• [STORED DATA]

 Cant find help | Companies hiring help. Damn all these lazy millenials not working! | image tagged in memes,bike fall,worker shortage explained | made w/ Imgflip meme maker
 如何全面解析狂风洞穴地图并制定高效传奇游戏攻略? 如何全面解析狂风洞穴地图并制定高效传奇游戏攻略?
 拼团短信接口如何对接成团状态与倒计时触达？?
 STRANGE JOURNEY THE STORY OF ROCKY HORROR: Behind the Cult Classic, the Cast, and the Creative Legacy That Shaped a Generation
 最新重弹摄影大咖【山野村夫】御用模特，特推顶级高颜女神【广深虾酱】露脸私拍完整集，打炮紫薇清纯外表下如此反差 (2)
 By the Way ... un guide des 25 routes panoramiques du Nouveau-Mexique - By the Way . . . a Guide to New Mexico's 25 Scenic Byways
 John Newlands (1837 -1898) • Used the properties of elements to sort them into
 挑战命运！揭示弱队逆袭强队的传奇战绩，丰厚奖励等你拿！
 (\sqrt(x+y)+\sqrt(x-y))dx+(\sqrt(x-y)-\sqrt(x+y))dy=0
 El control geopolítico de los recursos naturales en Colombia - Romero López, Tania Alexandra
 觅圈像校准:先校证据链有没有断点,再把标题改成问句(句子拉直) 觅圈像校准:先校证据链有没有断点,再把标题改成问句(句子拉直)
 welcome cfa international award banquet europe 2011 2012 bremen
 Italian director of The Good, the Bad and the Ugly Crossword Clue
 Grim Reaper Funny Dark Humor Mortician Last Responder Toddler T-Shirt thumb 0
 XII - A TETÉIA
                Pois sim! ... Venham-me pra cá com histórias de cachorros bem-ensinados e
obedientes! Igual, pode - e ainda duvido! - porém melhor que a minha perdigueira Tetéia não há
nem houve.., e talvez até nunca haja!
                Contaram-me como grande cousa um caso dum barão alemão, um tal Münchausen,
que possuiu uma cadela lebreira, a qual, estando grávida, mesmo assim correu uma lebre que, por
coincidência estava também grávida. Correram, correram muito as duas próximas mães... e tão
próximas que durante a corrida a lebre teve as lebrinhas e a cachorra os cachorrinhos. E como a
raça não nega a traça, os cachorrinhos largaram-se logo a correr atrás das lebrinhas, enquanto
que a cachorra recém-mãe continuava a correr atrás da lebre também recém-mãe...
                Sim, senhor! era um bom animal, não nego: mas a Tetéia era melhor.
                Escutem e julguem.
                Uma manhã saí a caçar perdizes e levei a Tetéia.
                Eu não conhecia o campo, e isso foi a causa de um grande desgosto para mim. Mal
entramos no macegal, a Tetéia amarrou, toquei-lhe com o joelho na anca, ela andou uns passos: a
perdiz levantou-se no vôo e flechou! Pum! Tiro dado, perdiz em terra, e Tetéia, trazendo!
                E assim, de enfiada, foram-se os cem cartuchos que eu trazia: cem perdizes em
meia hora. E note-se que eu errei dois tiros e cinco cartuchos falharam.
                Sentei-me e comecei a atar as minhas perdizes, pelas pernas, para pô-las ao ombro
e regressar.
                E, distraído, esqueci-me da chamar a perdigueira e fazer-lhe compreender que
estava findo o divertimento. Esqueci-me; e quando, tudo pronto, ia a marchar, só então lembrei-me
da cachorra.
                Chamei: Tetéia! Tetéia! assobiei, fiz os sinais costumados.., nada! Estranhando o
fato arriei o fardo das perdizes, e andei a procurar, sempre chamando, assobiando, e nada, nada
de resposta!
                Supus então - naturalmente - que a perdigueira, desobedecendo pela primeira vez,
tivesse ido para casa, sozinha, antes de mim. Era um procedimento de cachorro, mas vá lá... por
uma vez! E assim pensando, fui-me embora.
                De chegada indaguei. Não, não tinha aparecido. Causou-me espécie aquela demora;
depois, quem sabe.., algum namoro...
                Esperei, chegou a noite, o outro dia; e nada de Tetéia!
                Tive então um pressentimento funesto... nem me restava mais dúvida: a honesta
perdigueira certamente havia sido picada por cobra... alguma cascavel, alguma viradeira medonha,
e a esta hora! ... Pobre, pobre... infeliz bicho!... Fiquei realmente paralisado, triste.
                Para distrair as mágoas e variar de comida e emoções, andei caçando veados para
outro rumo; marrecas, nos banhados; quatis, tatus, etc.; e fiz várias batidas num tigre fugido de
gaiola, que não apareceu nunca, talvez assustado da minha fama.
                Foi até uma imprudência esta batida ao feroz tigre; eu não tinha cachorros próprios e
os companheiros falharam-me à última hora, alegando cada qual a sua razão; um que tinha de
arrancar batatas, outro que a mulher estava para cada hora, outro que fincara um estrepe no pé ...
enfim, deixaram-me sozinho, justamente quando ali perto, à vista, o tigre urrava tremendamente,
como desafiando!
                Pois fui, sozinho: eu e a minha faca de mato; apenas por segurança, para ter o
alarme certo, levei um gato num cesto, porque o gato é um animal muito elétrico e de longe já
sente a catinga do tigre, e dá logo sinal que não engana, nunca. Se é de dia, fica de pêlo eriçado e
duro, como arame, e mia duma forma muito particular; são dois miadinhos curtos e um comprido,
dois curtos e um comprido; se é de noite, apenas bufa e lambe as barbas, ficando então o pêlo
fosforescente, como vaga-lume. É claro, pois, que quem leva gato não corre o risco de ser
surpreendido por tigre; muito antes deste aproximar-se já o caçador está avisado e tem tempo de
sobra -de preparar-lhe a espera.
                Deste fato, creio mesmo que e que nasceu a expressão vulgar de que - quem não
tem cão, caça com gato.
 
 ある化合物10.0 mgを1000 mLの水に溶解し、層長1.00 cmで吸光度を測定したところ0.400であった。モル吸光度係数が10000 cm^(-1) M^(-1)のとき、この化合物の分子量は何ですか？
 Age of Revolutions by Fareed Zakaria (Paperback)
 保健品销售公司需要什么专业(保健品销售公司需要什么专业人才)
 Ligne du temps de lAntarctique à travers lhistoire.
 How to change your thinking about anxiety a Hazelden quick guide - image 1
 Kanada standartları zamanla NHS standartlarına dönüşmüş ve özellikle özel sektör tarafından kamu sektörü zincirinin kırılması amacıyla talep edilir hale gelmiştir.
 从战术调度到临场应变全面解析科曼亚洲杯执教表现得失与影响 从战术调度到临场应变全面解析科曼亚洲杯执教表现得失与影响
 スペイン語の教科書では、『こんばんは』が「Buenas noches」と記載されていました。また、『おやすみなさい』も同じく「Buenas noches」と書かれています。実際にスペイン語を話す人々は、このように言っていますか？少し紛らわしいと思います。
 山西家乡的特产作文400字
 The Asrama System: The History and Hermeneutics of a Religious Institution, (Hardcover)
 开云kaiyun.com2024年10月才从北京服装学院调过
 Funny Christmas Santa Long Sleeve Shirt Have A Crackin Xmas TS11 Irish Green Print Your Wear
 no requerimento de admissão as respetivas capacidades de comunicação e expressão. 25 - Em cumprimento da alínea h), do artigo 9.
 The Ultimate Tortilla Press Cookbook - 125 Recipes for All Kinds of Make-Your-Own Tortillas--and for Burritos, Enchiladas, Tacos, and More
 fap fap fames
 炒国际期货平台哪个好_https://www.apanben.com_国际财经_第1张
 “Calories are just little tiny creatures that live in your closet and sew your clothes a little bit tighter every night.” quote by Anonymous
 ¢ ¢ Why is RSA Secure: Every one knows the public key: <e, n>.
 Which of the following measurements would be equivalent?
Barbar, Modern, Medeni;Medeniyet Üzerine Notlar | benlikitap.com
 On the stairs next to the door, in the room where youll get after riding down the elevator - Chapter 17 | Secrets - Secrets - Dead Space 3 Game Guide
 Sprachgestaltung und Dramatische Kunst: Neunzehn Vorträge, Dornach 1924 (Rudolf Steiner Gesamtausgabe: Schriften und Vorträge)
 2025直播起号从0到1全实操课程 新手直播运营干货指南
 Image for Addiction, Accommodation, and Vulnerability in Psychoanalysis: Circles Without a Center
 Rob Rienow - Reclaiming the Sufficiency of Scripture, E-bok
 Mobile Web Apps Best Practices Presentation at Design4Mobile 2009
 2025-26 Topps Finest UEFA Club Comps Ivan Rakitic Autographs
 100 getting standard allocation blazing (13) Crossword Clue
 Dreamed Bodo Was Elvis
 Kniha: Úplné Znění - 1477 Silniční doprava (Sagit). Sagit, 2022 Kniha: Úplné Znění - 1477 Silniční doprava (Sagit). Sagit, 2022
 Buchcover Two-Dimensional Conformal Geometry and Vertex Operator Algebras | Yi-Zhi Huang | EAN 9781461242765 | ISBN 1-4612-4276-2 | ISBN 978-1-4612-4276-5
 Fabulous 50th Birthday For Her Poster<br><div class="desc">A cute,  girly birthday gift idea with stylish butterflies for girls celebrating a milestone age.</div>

• [EXERCISE PROMPT] How many lines in the records hold the string "logo"? Reply with the number only.

• [ANSWER TO THE PROBLEM] 2